— Work item —
What you return must match the entries word for word, minus the pictures.

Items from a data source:
┄┄┄┄┄┄┄┄┄┄
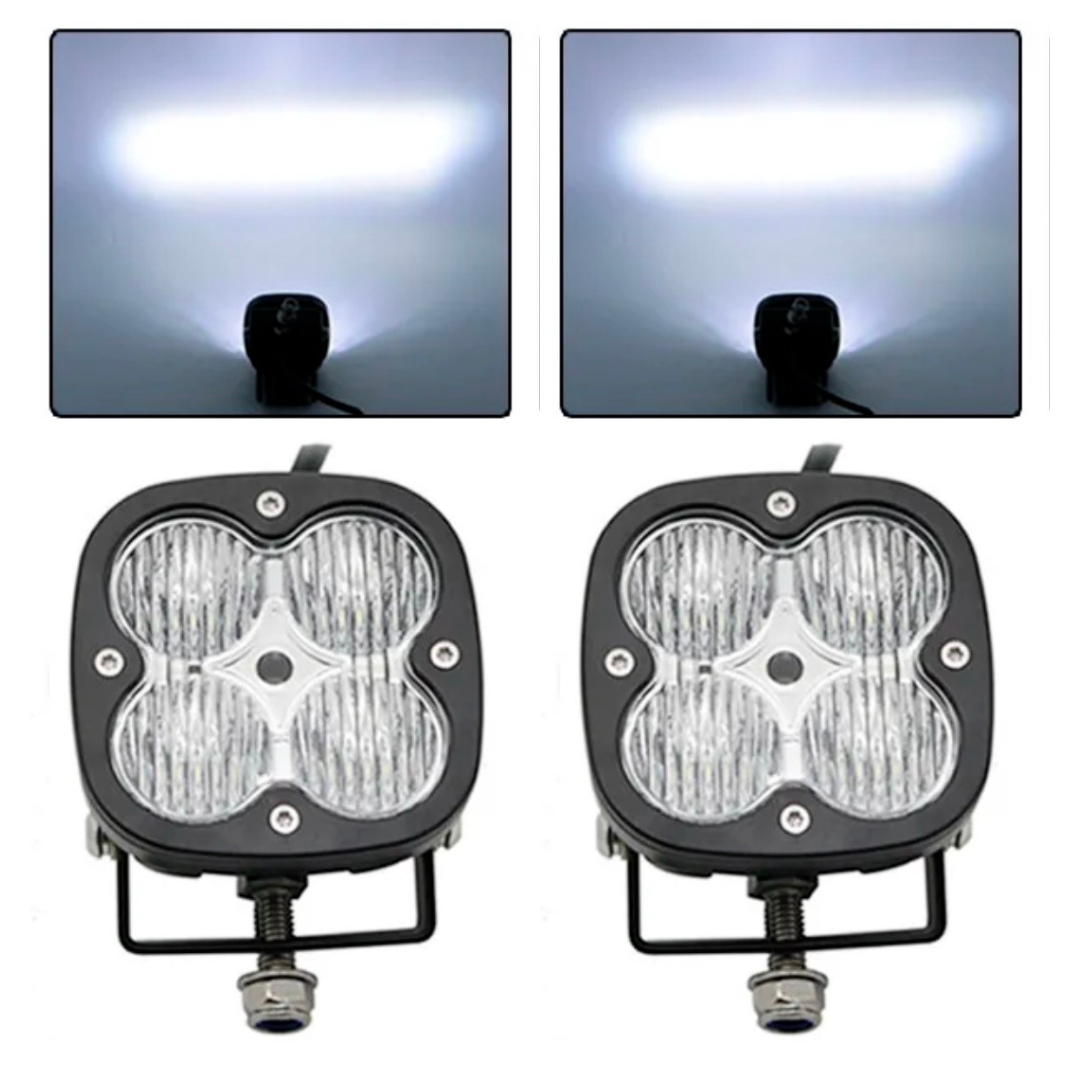 3" BLACK LED Spot Flood Combo Beam LIGHT POD - UNIVERSAL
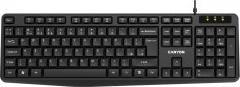 Canyon Keyboard KB-1, Kabelgebunden Spritzwassergeschützt, USB-A-Anschluss (Eng. Int., Kabelgebunden)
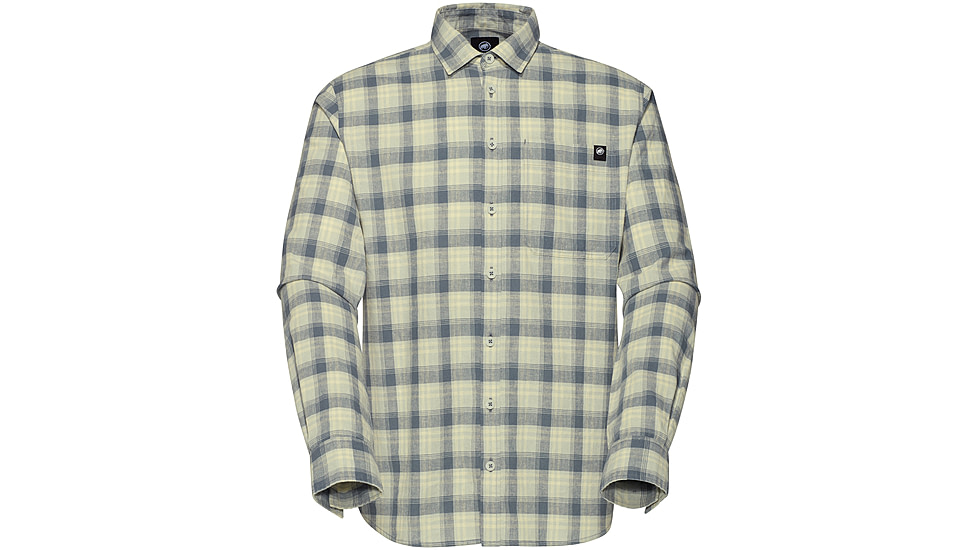 Mammut Trovat Summer Longsleeve Shirt - Mens, Silver Sage/Mammut Red, Medium, 1015-01610-1310-114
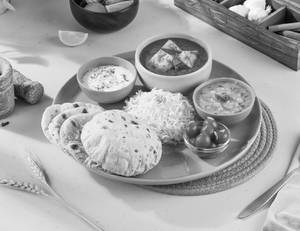 Sunday Paneer Curry - Feast Thali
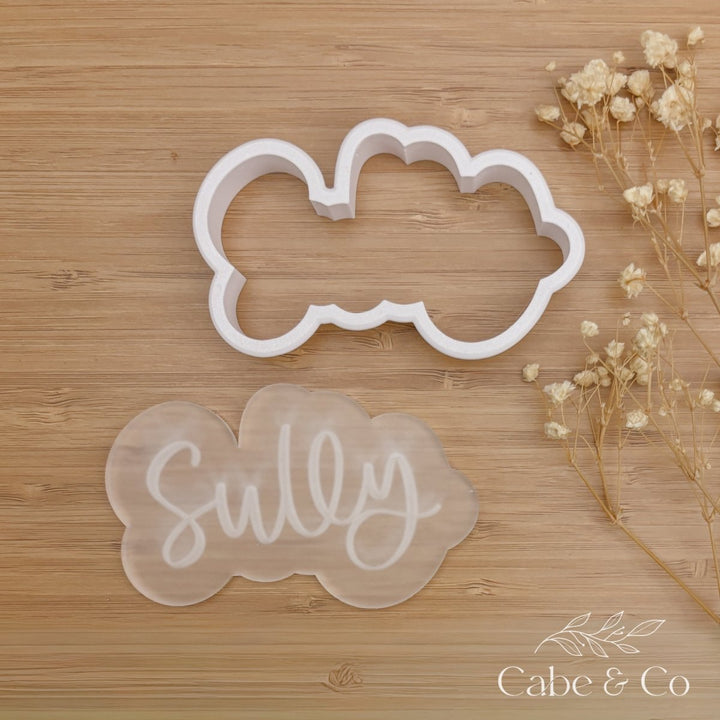 Personalised Name Script Fondant Cookie Cutter &amp; Stamp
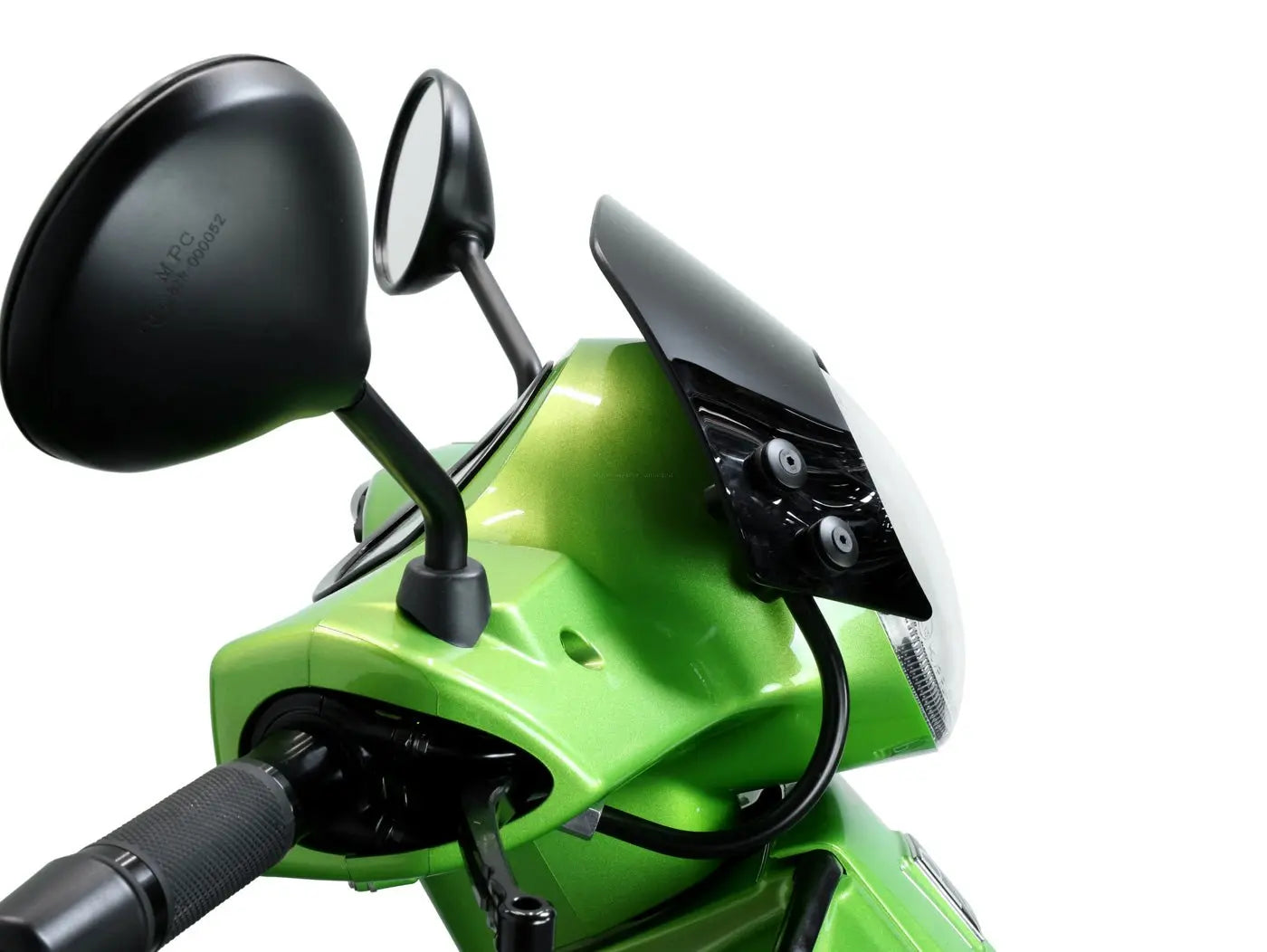 Windshield with Black Brackets MOTO NOSTRA | Vespa GTS Models 125-300cc MOTO NOSTRA 146.99 Falan Parts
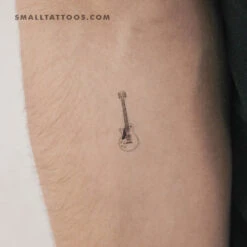 Electric Guitar Temporary Tattoo (Set Of 3)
┄┄┄┄┄┄┄┄┄┄
— Your response —
 3" BLACK LED Spot Flood Combo Beam LIGHT POD - UNIVERSAL
 Canyon Keyboard KB-1, Kabelgebunden Spritzwassergeschützt, USB-A-Anschluss (Eng. Int., Kabelgebunden)
 Mammut Trovat Summer Longsleeve Shirt - Mens, Silver Sage/Mammut Red, Medium, 1015-01610-1310-114
 Sunday Paneer Curry - Feast Thali
 Personalised Name Script Fondant Cookie Cutter &amp; Stamp
 Windshield with Black Brackets MOTO NOSTRA | Vespa GTS Models 125-300cc MOTO NOSTRA 146.99 Falan Parts
 Electric Guitar Temporary Tattoo (Set Of 3)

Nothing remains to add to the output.